We have for sale an exquisite antique oil painting on canvas by 18/19th century Guido Reni School or Follower. The scene depicts the Jewess widower, Judith and her encounter with the Assyrian leader, Holofernes. The canvas has been professionally relined. The black light shows evidence of professional inpainting around the right side of her head and on her right sleeve. There are also two spots of restoration in the upper left corner above her head. I have included photographs trying to show these areas. The original art size is 38 3/4" x 28 3/4" with the frame measuring 43 1/2" x 33 1/2". This artwork is in very good condition for the age. There is a glare on the art!!
Provenance: The art was purchased in the late 60s from PB 84 (Parke-Bernet on East 84th St. in New York City) by the owners of Seaside Art Gallery.

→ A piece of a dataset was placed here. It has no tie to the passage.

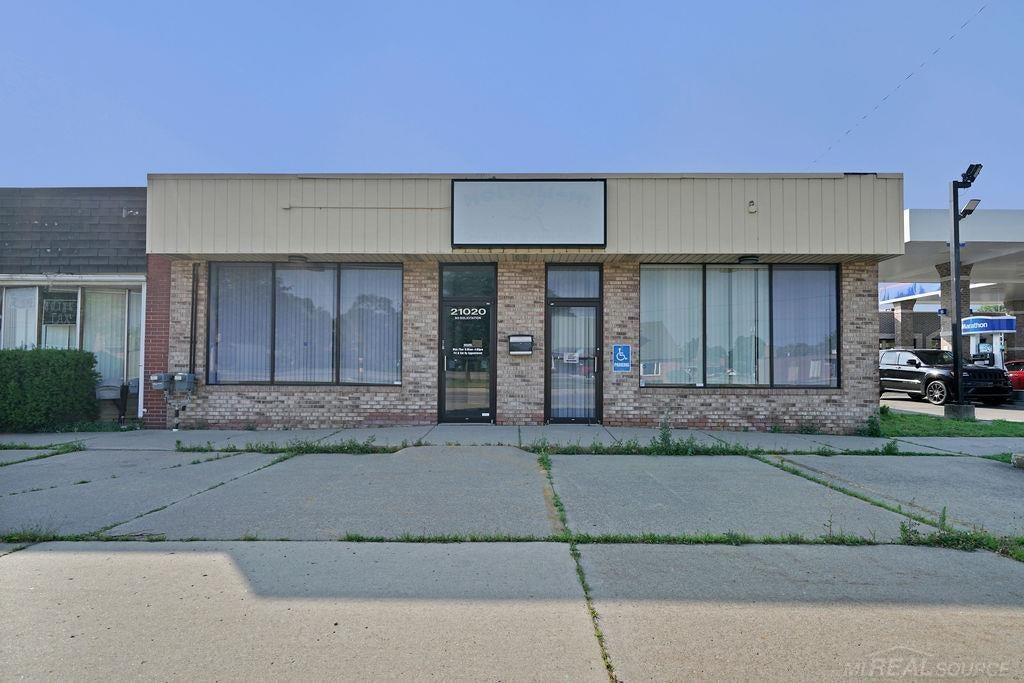 21020 Kelly Road — photo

FYI: The Book of Judith is a deuterocanonical book, included in the Septuagint and the Catholic and Eastern Orthodox Christian Old Testament of the Bible, but excluded by Jews and Protestants. It has been said that the book contains numerous historical anachronisms, which is why many scholars now accept it as non-historical; it has been considered a parable or perhaps the first historical novel.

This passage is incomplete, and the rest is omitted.